Saturday, October 30, 2010

Castle Ravenloft - Video's Review


So we've seen what the players thought about Castle Ravenloft this week, and it's time for me to chime in.  As I said before, I bought this game because I had been looking for a multi-player dungeon crawling board game where nobody had to control the monsters on the board.  I bought Tomb for this, I bought an electronic Dungeons and Dragons board game to serve as inspiration in maybe designing my own, I bought Arkham Horror, and finally Castle Ravenloft.  So how's it hold up?

Inspiration!

The rules included with the game read very well, and it seems like they would cover everything that could happen in the game, that is, until you sit down and wonder what half the stuff you're looking at is.  There's monster cards and monster tokens, trap tokens that are labeled as coffins, and trap tokens that are 2x2 squares with trap descriptions on them.  Rules for treasure and encounters are briefly mentioned and not made a big deal of.  We figured it out, but you shouldn't have to figure out a brand new game.  The manual needed a page explaining what everything was for and what adventures you would use them with.

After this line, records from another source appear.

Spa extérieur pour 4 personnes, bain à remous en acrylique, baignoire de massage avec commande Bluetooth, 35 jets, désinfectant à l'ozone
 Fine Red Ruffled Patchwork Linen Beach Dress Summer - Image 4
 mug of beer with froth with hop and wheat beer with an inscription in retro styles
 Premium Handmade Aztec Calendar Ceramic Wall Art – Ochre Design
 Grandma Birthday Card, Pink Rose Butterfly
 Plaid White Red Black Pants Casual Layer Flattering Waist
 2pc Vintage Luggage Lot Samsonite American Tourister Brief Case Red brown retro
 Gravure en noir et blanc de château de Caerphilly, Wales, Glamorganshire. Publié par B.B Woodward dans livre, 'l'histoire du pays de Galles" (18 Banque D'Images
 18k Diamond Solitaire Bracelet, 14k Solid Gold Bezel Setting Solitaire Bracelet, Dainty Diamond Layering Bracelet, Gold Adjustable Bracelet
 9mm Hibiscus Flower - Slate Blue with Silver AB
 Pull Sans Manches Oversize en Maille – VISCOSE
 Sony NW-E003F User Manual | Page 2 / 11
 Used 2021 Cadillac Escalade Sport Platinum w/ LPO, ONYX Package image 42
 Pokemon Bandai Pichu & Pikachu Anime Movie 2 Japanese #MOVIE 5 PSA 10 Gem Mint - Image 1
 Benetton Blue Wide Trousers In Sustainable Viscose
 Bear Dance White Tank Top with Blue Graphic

There were some other problems that were in the rules where they didn't spell out how some interactions work.  I understand that this is DnD light, but toss in an FAQ page of some of the weirder things that can come up, like what if players are equal distance from a monster, which one does it consider "closest"?  Are those tombs on the board something the players can step on, or not?

The tiles on the board worked very well as a mapping system, but falls flat on what they could have been.  Every tile spawns a monster, and some of them cause encounters to go off as well.  The monster will undoubtedly come and hit you, and nearly every encounter was something terrible about to happen.  Good call on not causing every tile to spawn an encounter, but how about not having every tile spawn a monster?  Create a few sanctuary spaces where players can rest, heal, and regroup to press onward without worrying about having to spawn encounters for not doing anything.

The monsters are easy to kill, most requiring one or two hits, but have no problems hitting you with their extremely high to hit scores.  A +11 on a kobold is ridiculous.  What's more, the monsters will always get the first chance to hit you, as they don't appear until the end of your hero phase, way too late to get an attack off.  But since the order of operations for them is "spawn room, spawn monster, activate monster", it kinda sucks.  In addition, some of those guys hit hard, and for low level adventures, maybe WOTC should have considered pulling them out of the deck and allowing them to get ramped up a little more over time.  Our first two monster pulls were a gargoyle and a burning skeleton, two of the hardest random monsters in the deck. 

 
Seriously.  That's how it went down.
So the party defeats the monster, and you get to draw from the treasure stack.  Ready for your new weapon upgrade, or better armor?  Too bad!  Your reward for defeating the wolf is to immediately spawn a room wherever you like, spawn a monster, but you don't have to spawn an encounter!  Wow!  Now you only have to deal with TWO monsters on your turn, the kobold you spawned for being on the edge of the room, and a wraith that got spawned from getting treasure.  Hope you didn't get that amazing reward in your first couple rooms!  How can that be construed to be a treasure?  Well, it's one less tile that you have to spawn to get to your goal, but why does it have to spawn a monster?  Most of the "treasure" cards are immediate one shot deals like this that if they don't apply to your current situation, are worthless.  Treasure means treasure, WOTC.

The players have some interesting abilities pulled straight from 4th edition that you can customize your character with.  It adds a bit of flavor to the game, although some of the abilities almost seem required, making going too much outside of a comfort zone a dangerous decision.  They also have the ability to level up by pulling one of the rare treasure cards, or by rolling a 20 and spending 5xp worth of experience from the pool used to negate encounters with.  It actually happened a few times in our games, so it's not unheard of.

With all of this said, how does the game come together?  Well, the game is trying to kill you every step of the way.  There's no downtime.  It's an attempt to get as deep into the castle as you can and do anything to get your goal tiles to spawn.  The rewards aren't enough to bolster any kind of confidence, the abilities that might be considered awesome or game breaking are balanced by constantly hovering at death's door, and the healing surges given are there not for when things go wrong, but for when the inevitable happens. 

I rolled a 1, 1, 2, and 1, in that order before I got new dice
But it is a fun experience.  The players around the table worked together to try to beat the board, and nobody left the table upset or angry about what had happened.  We had a real feeling of accomplishment that many other games don't offer.  There's a lot of room for improvement on this, which I hope they address with expansion packs.  Actual treasure, some tiles that don't try to murder you for spawning them, and maybe some random NPC's to pop up instead of monsters would add so much more depth to this game.  The concept is really good, WOTC.  Now let's see you make it awesome.